# Finding Singular points

1. Apr 19, 2008

### ash4sigh

hi,

given the system ml$$^{2}$$$$\theta''$$+b$$\theta'$$+mglsin($$\theta$$)

how do I find the singular points??

or any system for that matter - trying the isocline method just not working!! tedious..

Last edited: Apr 19, 2008
2. Apr 19, 2008

### HallsofIvy

Staff Emeritus
First that isn't a system, it is a single equation (actually what you wrote isn't even an equation but I assume that was supposed to be "= 0").

Start by writing it as a system of equations: let $\omega= \theta'$ so that $\theta"= \omega'$ and your one equation becomes two first order equations:
$ml^2\omega'+ b\omega+ mglsin(\theta)= 0$ and $\theta'= \omega$ or
$ml^2\omega'= -b\omega- mglsin(\theta)$ and $\theta'= \omega$.

Now "singular points" (or "equilibrium points), points that are single point solutions to the system, are those $(\theta, \omega)$ points where the right hand sides of those equations are 0. (I'm very surprised you didn't know that.)

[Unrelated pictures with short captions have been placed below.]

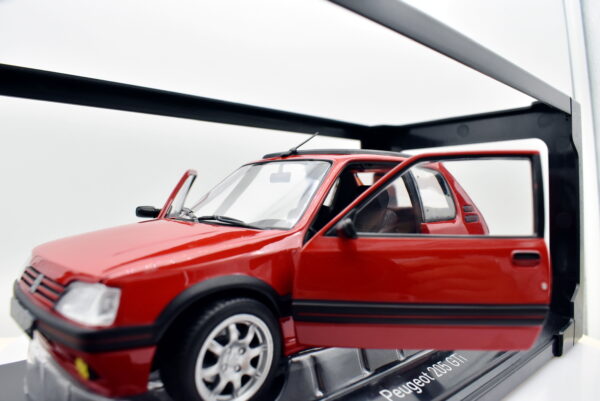 Modellino auto scala 1:18 Peugeot 205 GTI Norev diecast modellismo collezione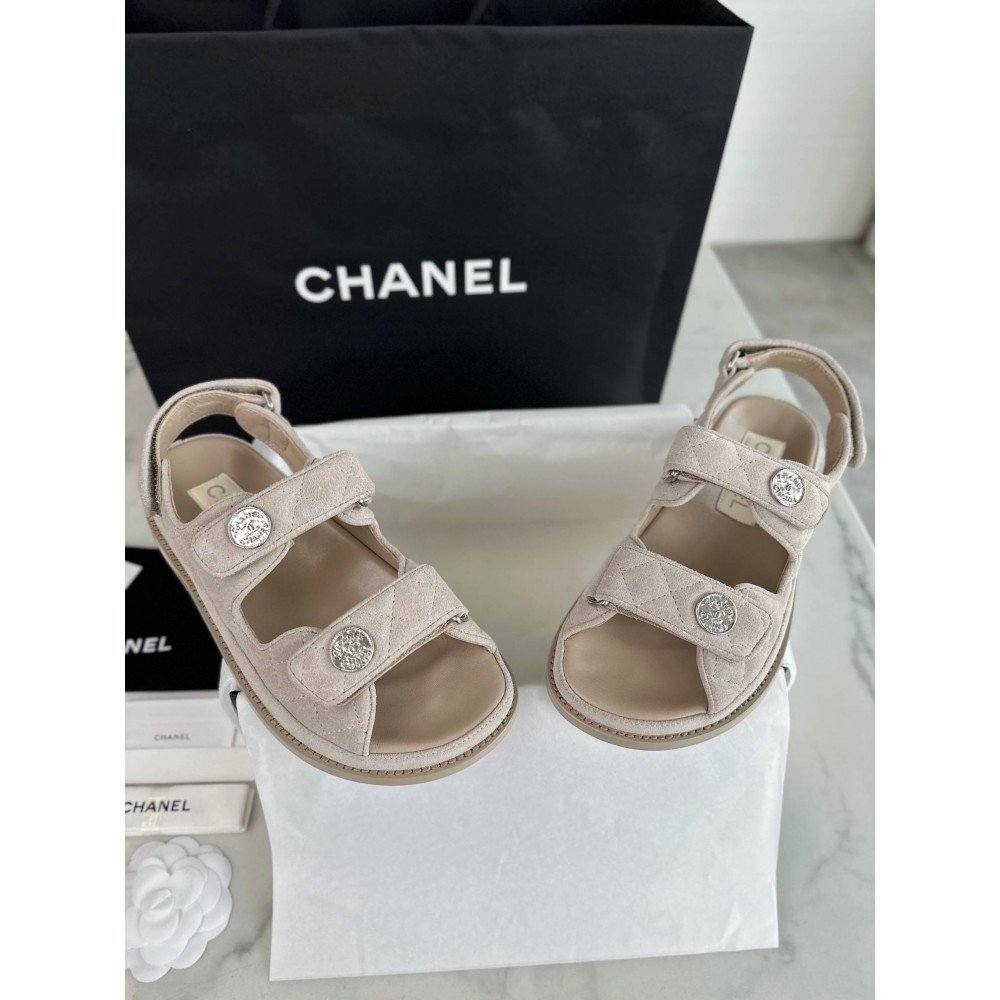 Beach shoes
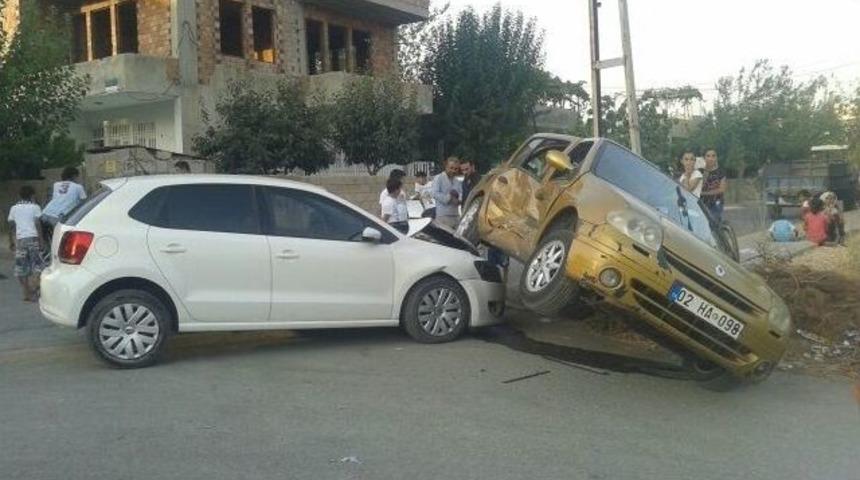 Adıyaman&rsquo;da İki Otomobil &Ccedil;arpıştı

In other words, you must solve the pair of equations $b\omega+ mgl sin(\theta)= 0$ and $\omega= 0$. And that, obviously, reduces to solving $\sin(\theta)= 0$.

3. Apr 19, 2008

### ash4sigh

it is a pendulum system - not sure where the second theta came from in the first term though..

so it'll be $(\theta= 0+k\Pi,w=0)$ where k is an integer

thank you very much - I have a million and one questions to ask

the hard part with this one is that I am trying to see it from a phase plane perspective - and visualising where the isoclines converge when you can only draw a couple by hand is tough for a newbie..

thank you for your time, I will be sure to be back.